Pour apprécier toute l’absurdité propre à cette vision des choses, on n’a qu’à penser aux sociétés de primates au sein desquelles des comportements tels le viol et l’infanticide ont été observés par les primatologues. Y a-t-il quelque part un esprit assez tordu pour accepter d’emblée ces comportements dans nos sociétés en vertu de leur caractère "naturel"? Il faut croire que oui.

La recherche menée par les primatologues de l’Institut Yerkes s’inscrit malheureusement dans la ligne des études qui s’intéressent à démontrer la nature héréditaire du comportement et de l’intelligence humaine, parmi lesquelles on peut compter les recherches sur un fondement anatomique, biologique ou génétique à l’homosexualité, à l’intelligence, à l’agressivité, etc. Ces recherches ont reçu pour la plupart une opposition massive de la part de la communauté scientifique. En contrepartie, elles reçoivent généralement un appui financier généreux d’organisations privées ou publiques qui trouvent ainsi une possibilité de légitimer scientifiquement leurs actions, sinon dumoins d’entretenir un mythe profitable.
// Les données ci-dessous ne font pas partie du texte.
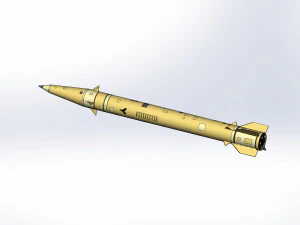 Of a short-range ballistic missile 3D Model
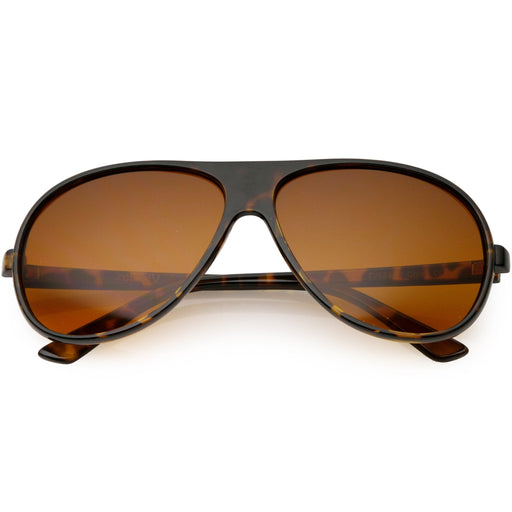 zeroUV 1980's Retro Oversize Blue Light Filtering Lens Aviator Sunglasses C699 Sunglasses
Ce mythe, c’est essentiellement la thèse du darwinisme social(6), dont les premiers protagonistes furent Herbert Spencer et ses disciples, parmi lesquels on comptera tout particulièrement deux puissants hommes d’affaire du XIXe siècle : John D. Rockfeller et Andrew Carnegie. Ces dernier défendirent ardemment le libre marché au nom de son caractère "tout naturel". Selon les dires de celui-là, "la croissance d’une grande entreprise n’est rien de plus que la survie des mieux adaptés. […] Ce n’est pas une tendance malsaine des affaires. C’est simplement le résultat de la loi de la nature.(7)"

Dans cette perspective, on ne s’étonnera pas de découvrir que la fondation des Laboratoires de Yales dans les années 1920, aujourd’hui devenus le Yerkes Regional Primate Research Center où s’est effectuée l’expérimentation dont nous traitons dans cet article, fut rendue possible grâce aux généreuses contributions de la Fondation Rockfeller et de la Fondation Carnegie. Le Dr. Yerkes, fondateur des laboratoires, s’intéressait àl’étude systématique des "instincts fondamentaux" et des "relations sociales" des primates; selon son avis ces études pourraient un jour "jeter la lumière sur les racines du comportement humain"(9).

Bien que ces constatations ne suffisent pas à contester la validité de l’expérience du Dr. de Waal (ses actuels commanditaires se font discrets), elles nous permettent cependant de mettre en doute l’objectivité avec laquelle elle fut réalisée. Mais surtout, il faut se demander si elle répond bien à un objectif scientifique lié à la compréhension d’un phénomène plutôt qu’à un objectif politique lié à la légitimation d’une idée préconçue.

  1. MAGHAMI, Neil. "Monkeys are capitalists". National Post, 7 avril 2000. URL : http://www.nationalpost.com

  2. URL : http://www.emory.edu/LIVINGLINKS/capuchins/

  3. DE WAAL, F. B. M. et BERGER, M. L. "Payment for Labor in Monkeys". Nature, Vol. 404, No 6778, 2000. p. 563. URL (format pdf): http://www.emory.edu/LIVINGLINKS/capuchins/capuchins.pdf

  4. KROPOTKINE, Pierre. L’Entr’aide : un facteur de l’évolution. Les Éditions de l’Entraide, France, 1979. 360 p.

  5. Il est dans la logique libérale contemporaine de confondre économie et capitalisme, échange et marché, travail et salariat.